Distilling the variation from the universal patterns is not just a way to tidy up
a set of messy data. It can also provide clues about the innate circuitry that
makes learning possible. If the universal part of a rule is embodied in the
neural circuitry that guides babies when they first learn language, it could
explain how children learn language so easily and uniformly and without the
benefit of instruction. Rather than treating the sound coming out of Mom's mouth
as just an interesting noise to mimic verbatim or to slice and dice in arbitrary
ways, the baby listens for heads and complements, pays attention to how they are
ordered, and builds a grammatical system consistent with that ordering.

This idea can make sense of other kinds of variability across cultures. Many
anthropologists sympathetic to social constructionism have claimed that emotions
familiar to us, like anger, are absent from some cultures. (A few anthropologists
say there are cultures with no emotions at all!) For example, Catherine Lutz
wrote that the Ifaluk (a Micronesian people) do not experience our "anger" but
instead undergo an experience they call song. Song is a state of dudgeon
triggered by a moral infraction such as breaking a taboo or acting in a cocky
manner. It licenses one to shun, frown at, threaten, or gossip about the
offender, though not to attack him physically. The target of song experiences
another emotion allegedly unknown to Westerners: metagu, a state of dread that
impels him to appease the song-ful one by apologizing, paying a fine, or offering
a gift.

The philosophers Ron Mallon and Stephen Stich, inspired by Chomsky and other
cognitive scientists, point out that the issue of whether to call Ifaluk song and
Western anger the same emotion or different emotions is a quibble about the
meaning of emotion words: whether they should be defined in terms of surface
behavior or underlying mental computation. If an emotion is defined by behavior,
then emotions certainly do differ across cultures. The Ifaluk react emotionally
to a woman working in the taro gardens while menstruating or to a man entering a
birthing house, and we do not. We react emotionally to someone shouting a racial
epithet or raising the middle finger, but as far as we know, the Ifaluk do not.
But if an emotion is defined by mental mechanisms-what psychologists like Paul
Ekman and Richard Lazarus call "affect programs" or "if-then formulas" (note the
computational vocabulary)-we and the Ifaluk are not so different after all. We
might all be equipped with a program that responds to an affront to our interests
or our dignity with an unpleasant burning feeling that motivates us to punish or
to exact compensation. But what counts as an affront, whether we feel it is
permissible to glower in a particular setting, and what kinds of retribution we
think we are entitled to, depend on our culture. The stimuli and responses may
differ, but the mental states are the same, whether or not they are perfectly
labeled by words in our language.

And as in the case of language, without some innate mechanism for mental
computation, there would be no way to learn the parts of a culture that do have
to be learned.
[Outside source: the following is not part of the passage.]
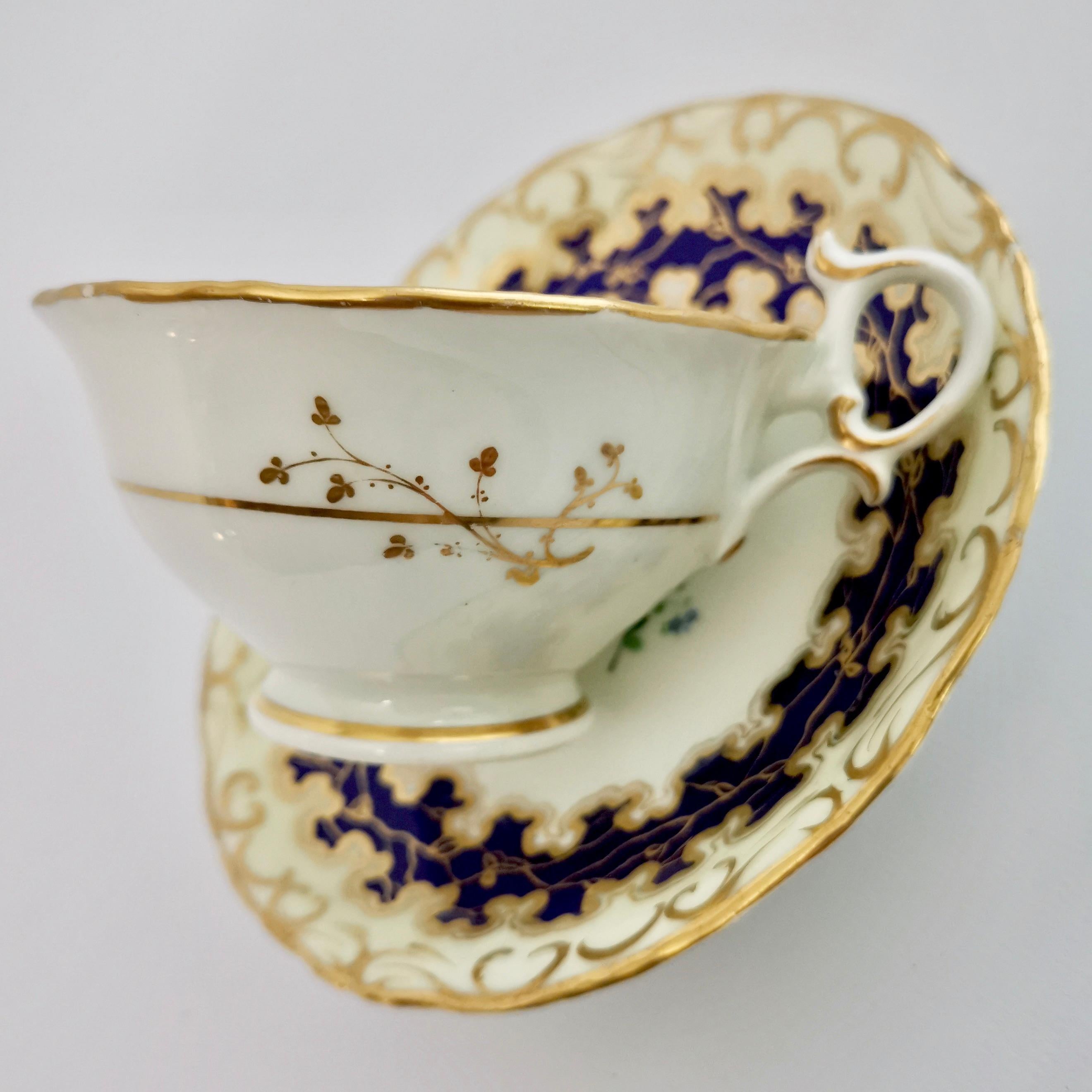 Grainger Worcester Porcelain Teacup, Cobalt Blue, Gilt and Flowers, circa 1840 5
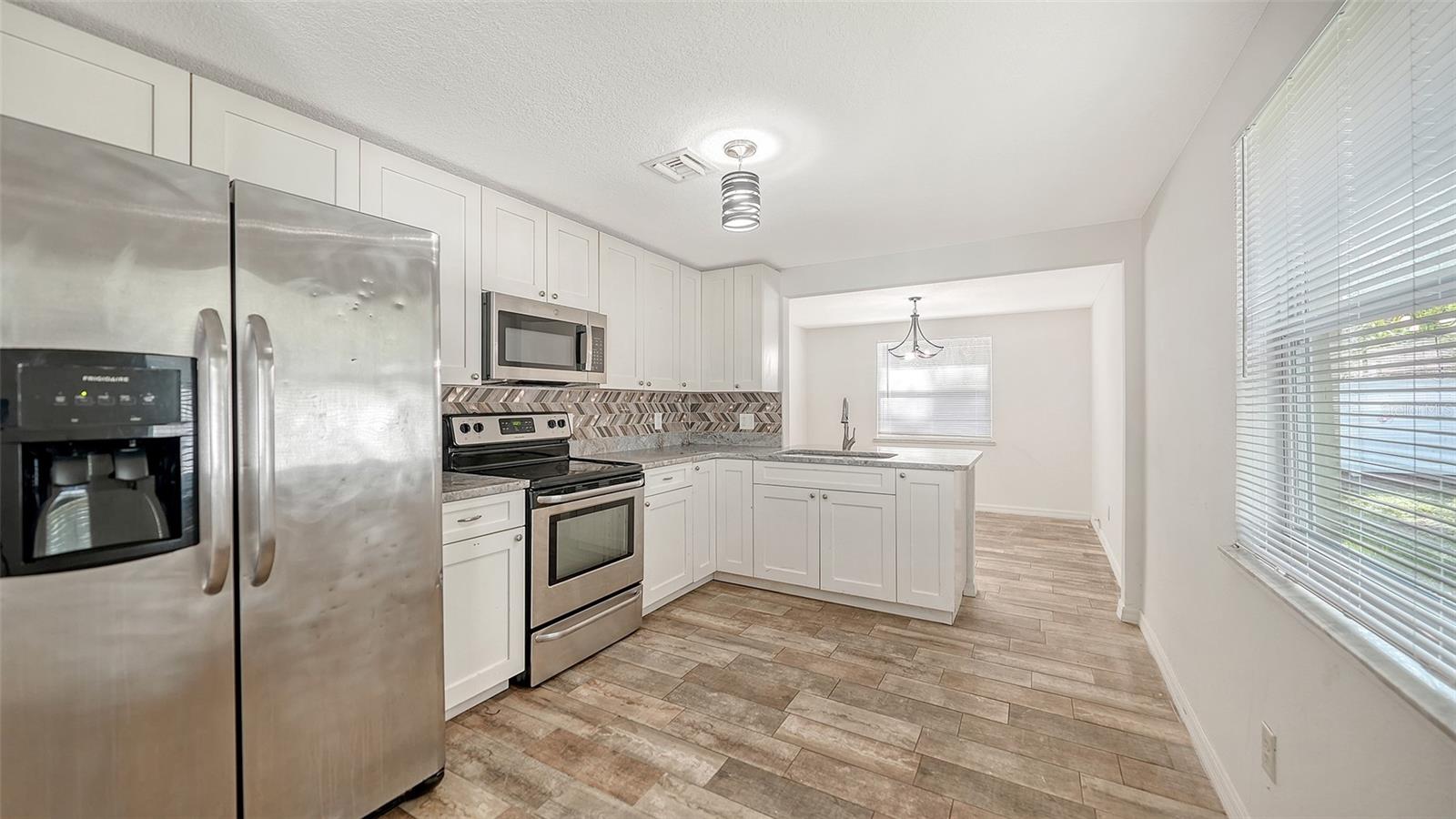5617 6th Street Ct E #a & B Property Photo 26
It is no coincidence that the situations that provoke song among
the Ifaluk include violating a taboo, being lazy or disrespectful, and refusing
to share, but do not include respecting a taboo, being kind and deferential, and
standing on one's head. The Ifaluk construe the first three as similar because
they evoke the same affect program-they are perceived as affronts. That makes it
easier to learn that they call for the same reaction and makes it more likely
that those three would be lumped together as the acceptable triggers for a single
emotion.

The moral, then, is that familiar categories of behavior-marriage customs, food
taboos, folk superstitions, and so on-certainly do vary across cultures and have
to be learned, but the deeper mechanisms of mental computation that generate them
may be universal and innate. People may dress differently, but they may all
strive to flaunt their status via their appearance. They may respect the rights
of the members of their clan exclusively or they may extend that respect to
everyone in their tribe, nation-state, or species, but all divide the world into
an in-group and an out-group. They may differ in which outcomes they attribute to
the intentions of conscious beings, some allowing only that artifacts are
deliberately crafted, others believing that illnesses come from magical spells
cast by enemies, still others believing that the entire world was brought into
being by a creator. But all of them explain certain events by invoking the
existence of entities with minds that strive to bring about goals. The
behaviorists got it backwards: it is the mind, not behavior, that is lawful.

FROM: The Blank Slate:
The Modern Denial of Human Nature
by Steven Pinker
http://www.amazon.com/exec/obidos/tg/detail/-/0142003344/

formerly known as 'cat arranger'

unread,
Sep 2, 2004, 1:48:58 AM9/2/04
to

"Lefty" <Y...@h.Right> wrote in message news:9KvZc.18119$_g7.9685@attbi_s52...
: Maslow was a quack, as are all quack psychologists.
:
:
:
:
:


It's pretty easy to see something after it's already been
discovered by someone else. I guess you think Newton
was an idiot because gravity is so obvious or that the
fact that your childhood affects you is an obvious thing
and that Freud was a quack.

Lefty

unread,
Sep 2, 2004, 8:16:24 PM9/2/04
to
> It's pretty easy to see something after it's already been
> discovered by someone else. I guess you think Newton
> was an idiot because gravity is so obvious or that the
> fact that your childhood affects you is an obvious thing
> and that Freud was a quack.

My point is that he took a special case and declared it universal. What he
missed was the fact that a person's heirarchy is always customized to the
needs of that individual.

Rich people might not worry too much about money, whereas poor people are
much more concerned about even small amounts of it. Similarly, you dont
worry about water if you live next to the lake, but you certainly would if
you lived in the desert.

Maslow filled in the blanks of his pyramid with food, shelter, love, etc,
and declared that all people fit his scheme. This is why he was a quack,
because he was wrong, and if you could understand that then you might stand
a chance of avoiding his folly.


formerly known as 'cat arranger'

unread,
Sep 2, 2004, 11:56:51 PM9/2/04
to

"Lefty" <Y...@h.Right> wrote in message
news:sJOZc.114650$mD.75199@attbi_s02...
: > It's pretty easy to see something after it's already been

I wonder why you pick on Maslow, of all people.


The Danimal

unread,
Sep 3, 2004, 12:45:39 PM9/3/04
to
catbr...@yahoo.com (catbrier) wrote in message news:<8901e207.04083...@posting.google.com>...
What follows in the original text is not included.